### Problem to work on
Leave the pictures out and return every line below exactly.

### Source material

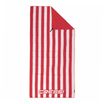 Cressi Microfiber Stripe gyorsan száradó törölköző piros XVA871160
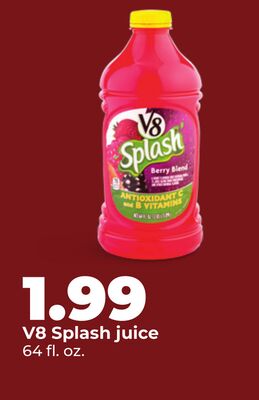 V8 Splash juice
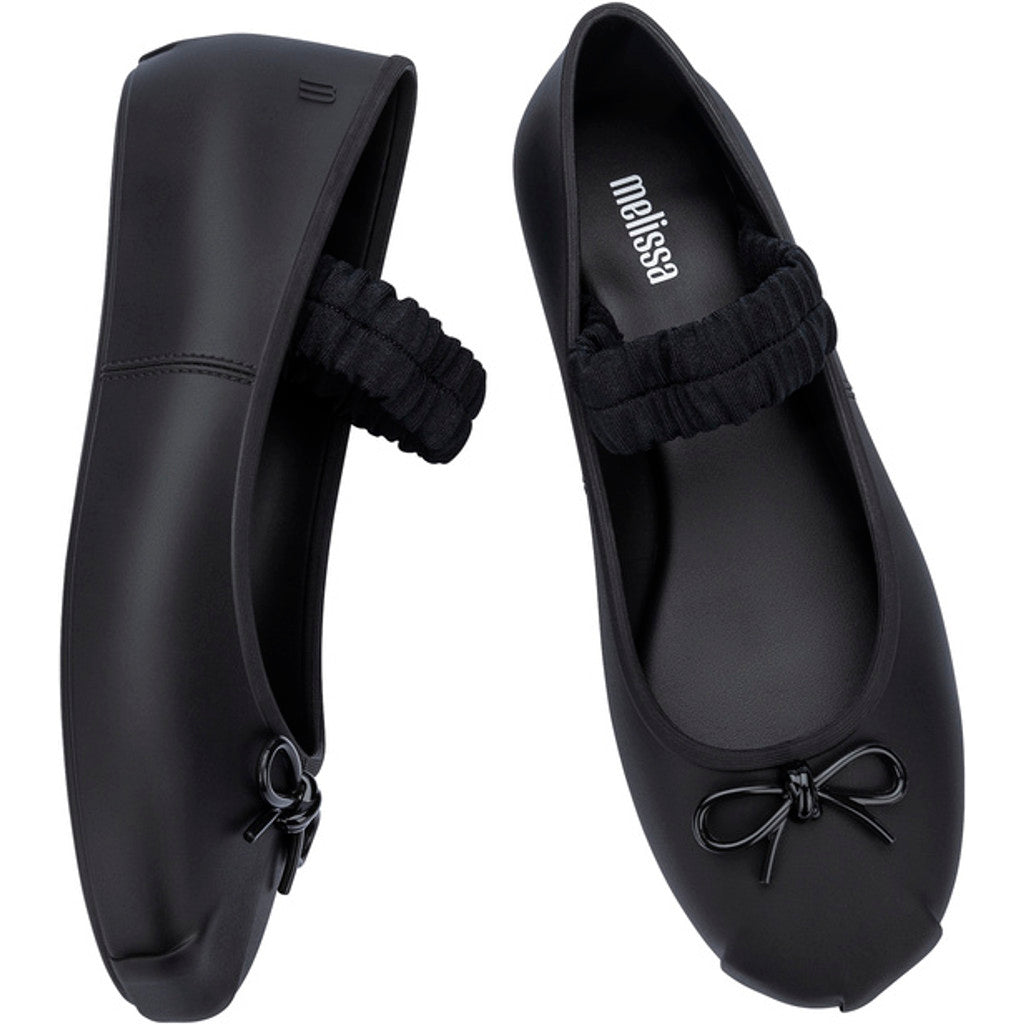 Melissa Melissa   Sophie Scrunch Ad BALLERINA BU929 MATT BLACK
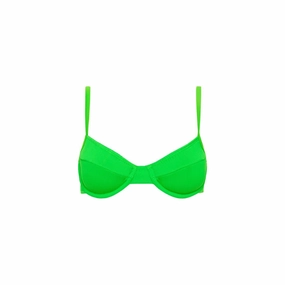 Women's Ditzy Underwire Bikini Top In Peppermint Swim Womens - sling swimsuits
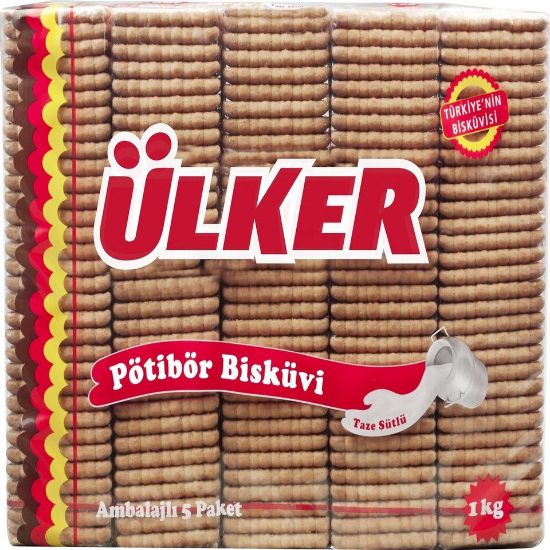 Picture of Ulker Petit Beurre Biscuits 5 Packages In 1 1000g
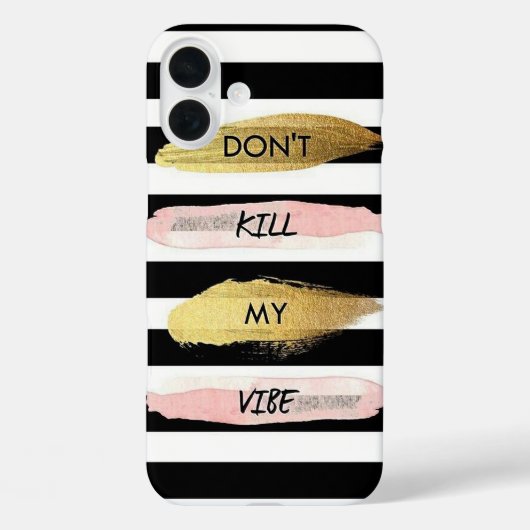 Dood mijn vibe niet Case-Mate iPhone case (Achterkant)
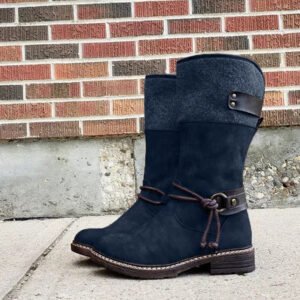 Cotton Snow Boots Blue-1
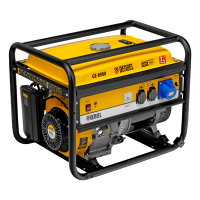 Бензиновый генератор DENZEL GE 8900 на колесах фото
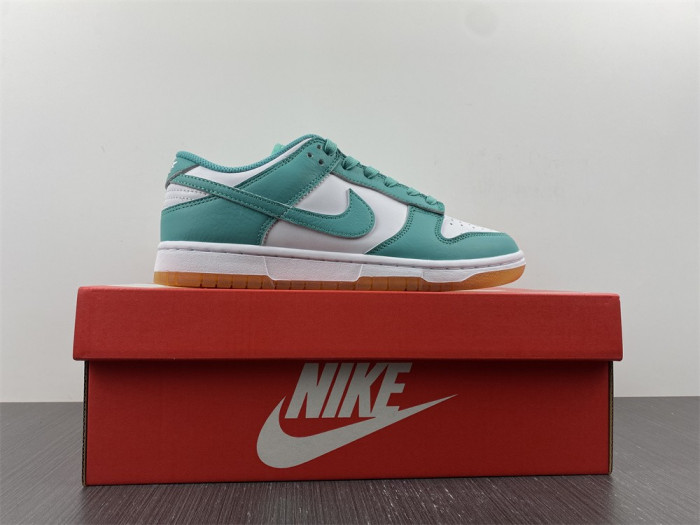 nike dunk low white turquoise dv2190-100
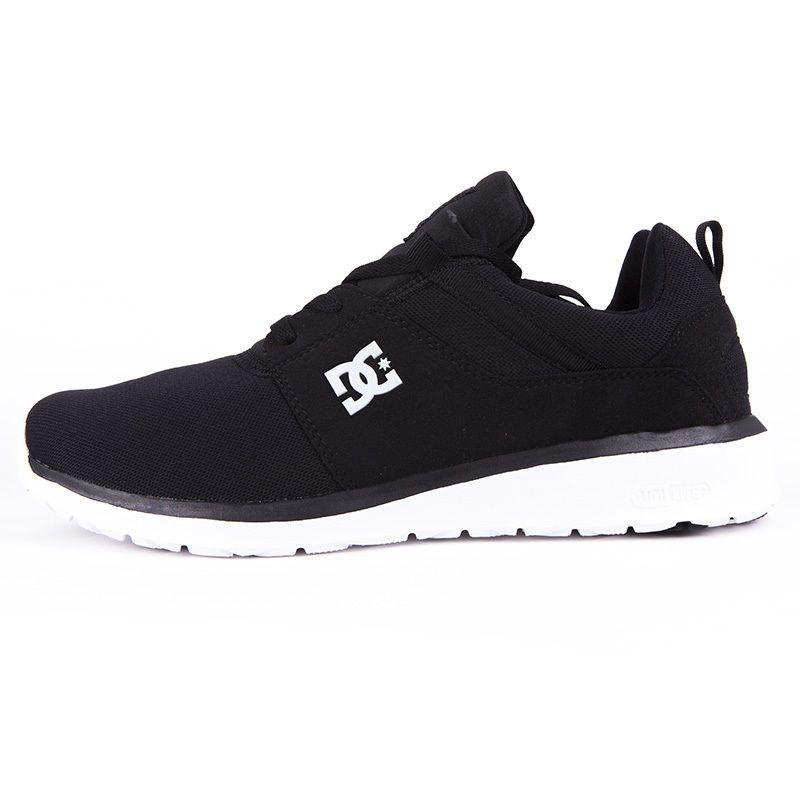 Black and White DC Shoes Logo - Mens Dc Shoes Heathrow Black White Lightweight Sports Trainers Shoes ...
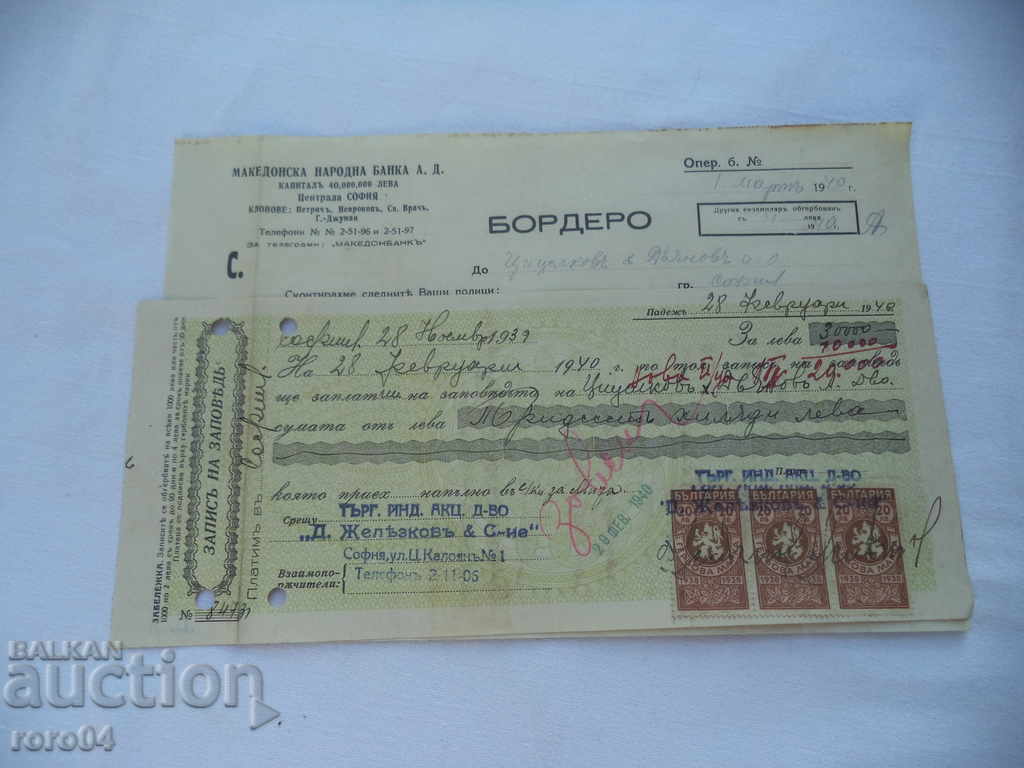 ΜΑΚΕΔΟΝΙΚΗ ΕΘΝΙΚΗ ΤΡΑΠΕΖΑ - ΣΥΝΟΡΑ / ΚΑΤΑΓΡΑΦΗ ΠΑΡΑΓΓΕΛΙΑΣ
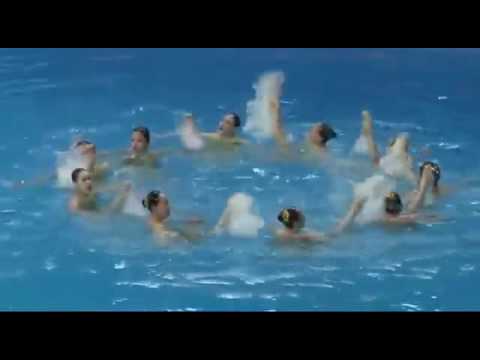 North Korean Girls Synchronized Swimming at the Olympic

### Answer for the task
 Cressi Microfiber Stripe gyorsan száradó törölköző piros XVA871160
 V8 Splash juice
 Melissa Melissa   Sophie Scrunch Ad BALLERINA BU929 MATT BLACK
 Women's Ditzy Underwire Bikini Top In Peppermint Swim Womens - sling swimsuits
 Picture of Ulker Petit Beurre Biscuits 5 Packages In 1 1000g
 Dood mijn vibe niet Case-Mate iPhone case (Achterkant)
 Cotton Snow Boots Blue-1
 Бензиновый генератор DENZEL GE 8900 на колесах фото
 nike dunk low white turquoise dv2190-100
 Black and White DC Shoes Logo - Mens Dc Shoes Heathrow Black White Lightweight Sports Trainers Shoes ...
 ΜΑΚΕΔΟΝΙΚΗ ΕΘΝΙΚΗ ΤΡΑΠΕΖΑ - ΣΥΝΟΡΑ / ΚΑΤΑΓΡΑΦΗ ΠΑΡΑΓΓΕΛΙΑΣ
 North Korean Girls Synchronized Swimming at the Olympic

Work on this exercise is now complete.